LONDON – Prince Charles has spoken out about his personal efforts to combat the climate crisis, which include pumping wine and cheese byproducts into his Aston Martin and installing solar panels at his royal residence, Clarence House.
Speaking to the BBC about his carbon footprint ahead of a U.N. climate summit later this month, the heir to Britain’s throne said that the vehicle, which he has owned for more than 50 years, runs on “surplus English white wine and whey from the cheese process.”
The royal’s car has been converted so that it runs on a biofuel known as E85 – which is blended from 85% bioethanol and 15% unleaded petrol.
While this means the fuel is more sustainable, there are disadvantages to using the substitute, which is made from biomass such as sugar, wheat or maize. Vehicle engines need to be modified to be powered by the substance and the need for biofuel crops means greater demands on forest land.
“On a large scale biofuels do more harm than good, driving deforestation and land use change that worsens the climate crisis,” Greg Archer, a director at a European clean transport group, told The Guardian.
Archer warned motorists not to mistake the future king’s method as “a serious solution to decarbonise vehicles.”
The prince has spent decades campaigning for a more sustainable future and earlier this year appealed to world leaders to come together to help fight the crisis.
“Let us join forces and waste no more time,” he urged during January’s One Planet Summit.
In the interview with the BBC, Charles said that action to combat the climate emergency was taking “too long,” adding that he understood the frustration felt by young people because “they see their future being totally destroyed.”
“I totally understand the frustration,” he said. “The difficulty is how do you direct that frustration in a way that is more constructive rather than destructive.”

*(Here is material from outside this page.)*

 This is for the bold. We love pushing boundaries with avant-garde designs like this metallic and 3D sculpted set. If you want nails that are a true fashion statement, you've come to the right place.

In recent weeks, protesters from activist group “Insulate Britain” have blocked key roads across the nation, leading to widespread chaos and angry confrontations. The group is demanding the government insulates all social housing by 2025.
Separately, activist Greta Thunberg blasted the world’s “so-called leaders” during an impassioned speech at Italy’s Youth4Climate summit last month, accusing politicians of failing to act amid the climate emergency and describing their promises as decades of “blah blah blah.”
Charles seemed to agree with Thunberg that there was a lot of chatter among officials and not enough concrete action.
“They just talk,” he told the BBC. “The problem is trying to get action on the ground.”
The U.N. climate summit, known as COP26, will be held in Glasgow, Scotland from the end of this month until Nov. 12. The conference will host leaders, scientists and campaigners as they review the goals of the Paris agreement and work to protect communities impacted by climate change.
Officials in attendance are expected to present 2030 emission reduction targets, which include curtailing deforestation and working to phase out coal.
During the interview, the prince and camera crew strolled through lush green gardens of the royal Balmoral estate, a space he has dedicated to his first grandson Prince George.
He said other steps he had taken to reduce his carbon footprint included not eating dairy products once a week and using electric vehicles.
On social media, responses to the prince’s admissions were mixed, with some noting that the royal family frequently traveled by private helicopter, flights which aviation experts say use 10-20 times more carbon emissions than regular flights.
Last year, Clarence House was forced to defend the prince after he flew 125 miles on a private aircraft to make a speech about lowering aircraft emissions. The Daily Mirror reported that the entire journey – which included a stop over to see the Queen – cost at 12,000 pounds ($16,300) and caused carbon emissions of around 2.5 tons.
“The prince is not personally involved in decisions around his transportation arrangements, though he ensures all carbon emissions are offset every year,” a spokesperson said at the time.
Others on social media joked they felt a deep connection to the dairy and alcohol fueled car.